(Collected data)
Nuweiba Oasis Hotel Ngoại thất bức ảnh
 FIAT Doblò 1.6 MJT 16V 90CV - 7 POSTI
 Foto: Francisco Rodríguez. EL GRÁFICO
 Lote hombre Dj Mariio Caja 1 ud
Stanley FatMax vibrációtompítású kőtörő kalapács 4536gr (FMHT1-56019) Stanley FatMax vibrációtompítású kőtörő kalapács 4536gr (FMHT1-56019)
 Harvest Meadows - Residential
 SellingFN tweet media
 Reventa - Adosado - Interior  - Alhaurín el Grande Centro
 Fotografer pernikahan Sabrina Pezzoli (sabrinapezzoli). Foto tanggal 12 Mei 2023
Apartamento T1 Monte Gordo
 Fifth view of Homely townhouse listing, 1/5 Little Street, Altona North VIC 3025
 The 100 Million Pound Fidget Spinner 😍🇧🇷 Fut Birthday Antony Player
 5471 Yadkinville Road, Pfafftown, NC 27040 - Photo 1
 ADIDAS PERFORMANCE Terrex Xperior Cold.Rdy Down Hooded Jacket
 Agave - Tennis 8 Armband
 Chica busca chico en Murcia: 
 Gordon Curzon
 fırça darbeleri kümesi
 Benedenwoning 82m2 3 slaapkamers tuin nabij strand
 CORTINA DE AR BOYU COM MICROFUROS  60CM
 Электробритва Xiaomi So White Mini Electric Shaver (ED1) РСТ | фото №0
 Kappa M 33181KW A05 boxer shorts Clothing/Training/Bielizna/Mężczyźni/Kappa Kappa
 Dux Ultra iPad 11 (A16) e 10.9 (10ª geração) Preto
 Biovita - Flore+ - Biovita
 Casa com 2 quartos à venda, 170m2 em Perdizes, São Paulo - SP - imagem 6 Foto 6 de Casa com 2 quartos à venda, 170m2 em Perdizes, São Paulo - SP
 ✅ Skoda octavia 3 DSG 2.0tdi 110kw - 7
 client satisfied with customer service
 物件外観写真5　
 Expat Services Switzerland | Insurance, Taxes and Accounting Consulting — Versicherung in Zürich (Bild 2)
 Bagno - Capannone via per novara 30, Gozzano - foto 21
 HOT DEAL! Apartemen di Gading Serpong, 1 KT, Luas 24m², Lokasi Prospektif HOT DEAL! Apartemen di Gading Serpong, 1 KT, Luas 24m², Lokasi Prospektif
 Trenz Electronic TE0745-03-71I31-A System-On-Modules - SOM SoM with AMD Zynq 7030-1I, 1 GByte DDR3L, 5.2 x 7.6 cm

● **What this task involves**:
From the line containing "Expat Services Switzerland" to the final line of the data above, transcribe every line exactly and nothing more.

● **Written reply**:
 Expat Services Switzerland | Insurance, Taxes and Accounting Consulting — Versicherung in Zürich (Bild 2)
 Bagno - Capannone via per novara 30, Gozzano - foto 21
 HOT DEAL! Apartemen di Gading Serpong, 1 KT, Luas 24m², Lokasi Prospektif HOT DEAL! Apartemen di Gading Serpong, 1 KT, Luas 24m², Lokasi Prospektif
 Trenz Electronic TE0745-03-71I31-A System-On-Modules - SOM SoM with AMD Zynq 7030-1I, 1 GByte DDR3L, 5.2 x 7.6 cm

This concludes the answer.